Slow Sewing
The process of making your own clothing takes time, patience, and care. And while it might seem overwhelming, it’s not as inaccessible as you might think! “The more people know what goes into a piece of clothing, the more people will stop undervaluing the cloth they put on their back.” So forget about fast fashion! How about slow sewing?
In this episode, “Slow Sewing,” Isabelle Levine (designer and owner of the DIY fashion brand, Forest and Thread) tells a story about the garment-making process, the fashion industry, and the environmental impacts of clothing production and consumption.
All proceeds from this episode will be donated to FABSCRAP, a textile reuse and recycle non-profit run out of Brooklyn.
Further Resources
The Environmental Cost of Fashion
-
[The voices of all the storytellers from Season One of The Sonocene begin to overlap and blend together in a single, collective gesture.]
Listen.
Listen to my voice.
To spoken words and ambient sounds.
[A sewing machine “whirs” to life. Paper pages flip between fingers. A pencil glides along a metal ruler with a swift “ring.” An iron expels steam. Scissors cut fabric. All the sounds blend together as a single soundscape. These are sounds of clothing, sewing, and fashion creation.]
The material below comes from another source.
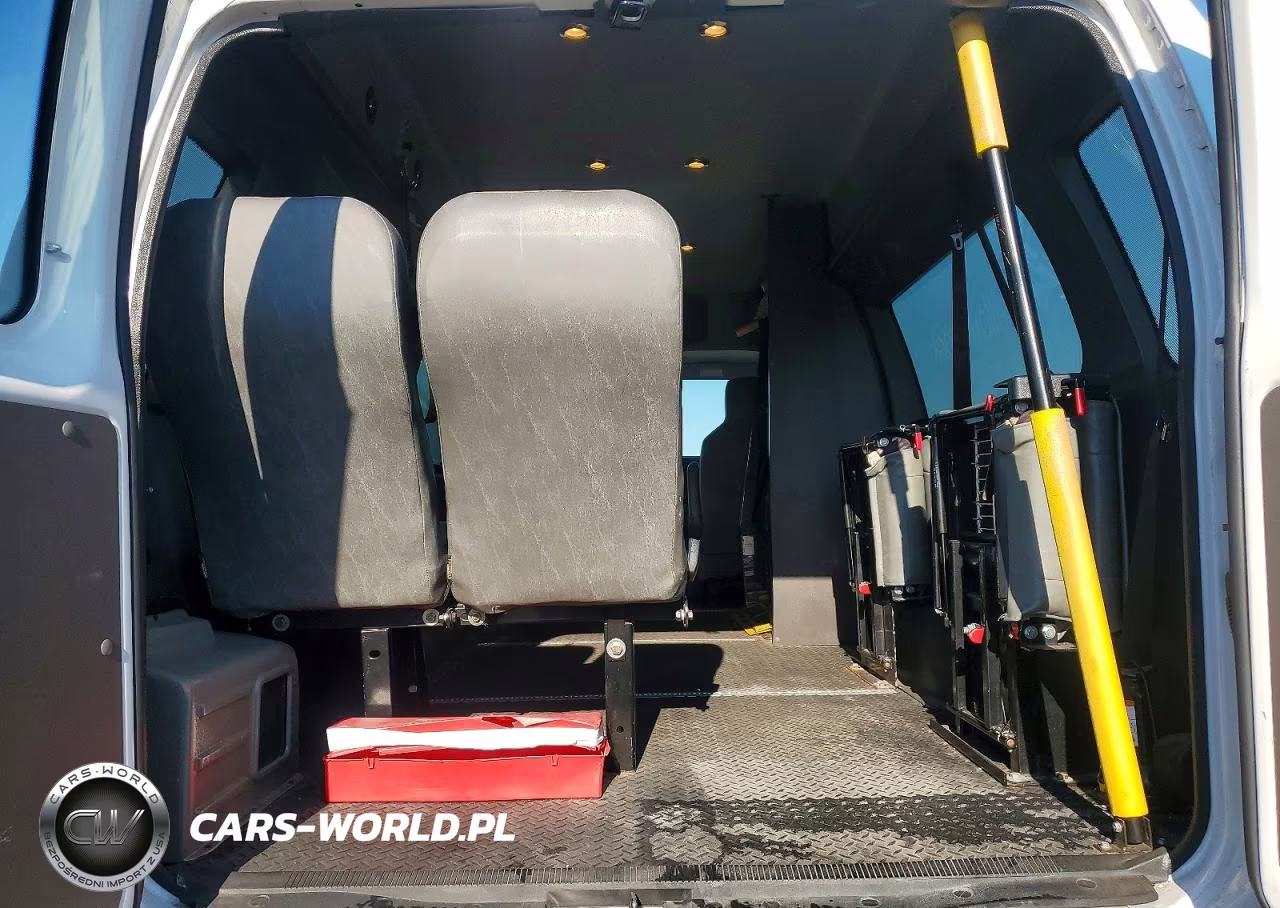 2010 Ford Econoline E250 Van VIN:1FTNS2EW6ADA26539 - 10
Together they tell the story about people and place; about plants and animals; about the ecological relationships within New York City during a time of rapid change. And the way they all resonate as an interwoven network of vibrations.
[Voices and sounds crescendo, and then hard cut to silence. All the storytellers from Season One exclaim in unison:]
Welcome to The Sonocene—
[The voice of “Slow Sewing” episode storyteller, Isabelle Levine, replies.]
ecological stories told through sound.
[A sewer adjusts a piece of fabric beneath the presser foot of a sewing machine. The needle mechanism swiftly moves up and down. Mechanical “grunts” and “clicks” integrate thread and fabric. A piece of clothing comes together.]
[00:46] Fashion production makes up 10% of humanity's carbon emissions. I want to offer people insight into the garment making process. It is slow. It is methodical. The more people know what goes into a piece of clothing, the more people will stop undervaluing the cloth they put on their back.
[1:08] Today's storyteller is...
Hi. My name is Isabelle Levine. I'm a designer and the owner behind the sustainable DIY fashion brand, Forest and Thread.
[The sounds of the sewing machine continue in your background.]
[1:28] I've been making my own clothes since I was nine years old. So for me, there is no such thing as not making my own clothes. I love the process. For me, the process is everything. I like to think about it from the very beginning.
[The sound of the sounding machine crescendos with a strong, “whir,” and then hard cuts to the sounds of fingers flipping pages of paper—as if someone is reading a book or magazine.]
[1:55] So if you're starting to make a garment, the first thing you have to think about is the concept for the garment. And that can be super conceptual or that can be a little bit more straightforward, like, “what function is it serving?”
[The sound of page-flipping continues in your background.]
[2:11] I'll reach for a book in my kind of inspiration phase. It can be gathering beautiful images, it can be gathering colors, it can be capturing a feeling that you want to try and achieve through the garment. And so you gather all of these inspiration images and you'll probably put them into some sort of mood board.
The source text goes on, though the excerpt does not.